Nested Schema for apache_spark

Required:

  • cluster (String) Spark cluster for the connection
  • host (String) Hostname of the connection
  • method (String) Authentication method for the connection (http or thrift).

Optional:

  • auth (String) Auth
  • connect_retries (Number) Connection retries. Default=0
  • connect_timeout (Number) Connection time out in seconds. Default=10
  • organization (String) Organization ID
  • port (Number) Port for the connection. Default=443
  • user (String) User

Nested Schema for athena

Required:

  • database (String) Specify the database (data catalog) to build models into (lowercase only).
  • region_name (String) AWS region of your Athena instance.
  • s3_staging_dir (String) S3 location to store Athena query results and metadata. Must be in the format 's3://bucket-name/path/'.

Optional:

  • num_boto3_retries (Number) Number of times to retry boto3 requests (e.g. deleting S3 files for materialized tables).
  • num_iceberg_retries (Number) Number of times to retry iceberg commit queries to fix ICEBERG_COMMIT_ERROR.
  • num_retries (Number) Number of times to retry a failing query.
  • poll_interval (Number) Interval in seconds to use for polling the status of query results in Athena.
  • s3_data_dir (String) Prefix for storing tables, if different from the connection's S3 staging directory. Must be in the format 's3://bucket-name/path/'.
  • s3_data_naming (String) How to generate table paths in the S3 data directory.
  • s3_tmp_table_dir (String) Prefix for storing temporary tables, if different from the connection's S3 data directory. Must be in the format 's3://bucket-name/path/'.
  • spark_work_group (String) Identifier of Athena Spark workgroup for running Python models.
  • work_group (String) Identifier of Athena workgroup.

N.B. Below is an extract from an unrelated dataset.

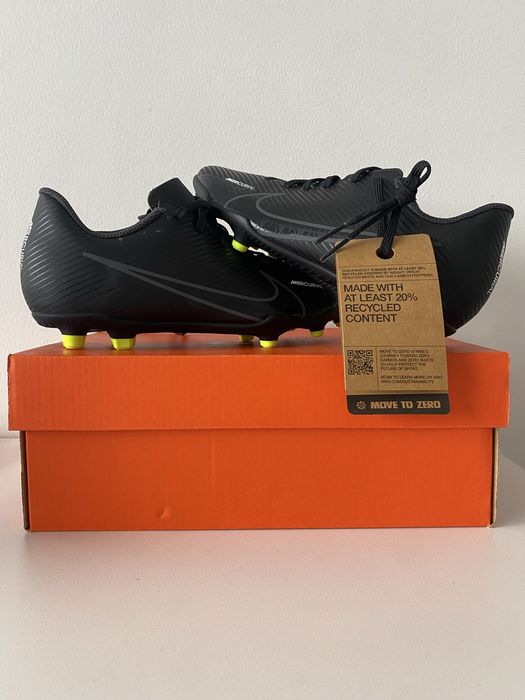 Sprzedam nowe korki Nike r. 36,5 oryginalne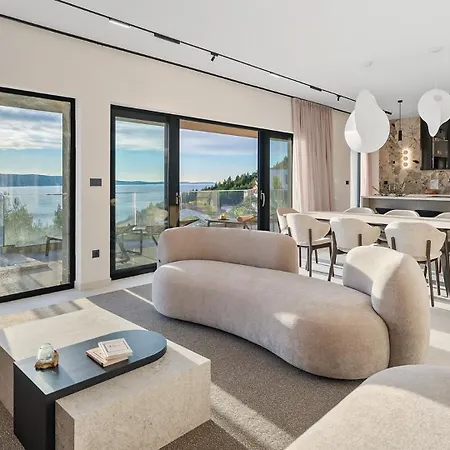 Luxurious 5-bedroom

Nested Schema for bigquery

Required:

  • gcp_project_id (String) The GCP project ID to use for the connection

Optional:

  • application_id (String, Sensitive) OAuth Client ID. Required when using 'external-oauth-wif' authentication.
  • application_secret (String, Sensitive) OAuth Client Secret. Required when using 'external-oauth-wif' authentication.
  • auth_provider_x509_cert_url (String) Auth Provider X509 Cert URL for the Service Account. Required when using 'service-account-json' authentication.
  • auth_uri (String) Auth URI for the Service Account. Required when using 'service-account-json' authentication.
  • client_email (String) Service Account email. Required when using 'service-account-json' authentication.
  • client_id (String) Client ID of the Service Account. Required when using 'service-account-json' authentication.
  • client_x509_cert_url (String) Client X509 Cert URL for the Service Account. Required when using 'service-account-json' authentication.
  • dataproc_cluster_name (String) Dataproc cluster name for PySpark workloads
  • dataproc_region (String) Google Cloud region for PySpark workloads on Dataproc
  • deployment_env_auth_type (String) Authentication type for deployment environments. Can be 'service-account-json' or 'external-oauth-wif'. Defaults to 'service-account-json'.
  • execution_project (String) Project to bill for query execution
  • gcs_bucket (String) URI for a Google Cloud Storage bucket to host Python code executed via Datapro
  • impersonate_service_account (String) Service Account to impersonate when running queries
  • job_creation_timeout_seconds (Number) Maximum timeout for the job creation step
  • job_execution_timeout_seconds (Number) Timeout in seconds for job execution, to be used for the bigquery_v1 adapter
  • job_retry_deadline_seconds (Number) Total number of seconds to wait while retrying the same query
  • location (String) Location to create new Datasets in
  • maximum_bytes_billed (Number) Max number of bytes that can be billed for a given BigQuery query
  • priority (String) The priority with which to execute BigQuery queries (batch or interactive)
  • private_key (String, Sensitive) Private Key for the Service Account. Required when using 'service-account-json' authentication.
  • private_key_id (String) Private Key ID for the Service Account. Required when using 'service-account-json' authentication.
  • retries (Number) Number of retries for queries
  • scopes (Set of String) OAuth scopes for the BigQuery connection
  • timeout_seconds (Number) Timeout in seconds for queries, to be used ONLY for the bigquery_v0 adapter
  • token_uri (String) Token URI for the Service Account. Required when using 'service-account-json' authentication.
  • use_latest_adapter (Boolean) Whether to use the latest bigquery_v1 adapter (use this for BQ WIF). If true, the job_execution_timeout_seconds field will be used. Warning! changing the adapter version (from legacy to latest or vice versa) is not supported.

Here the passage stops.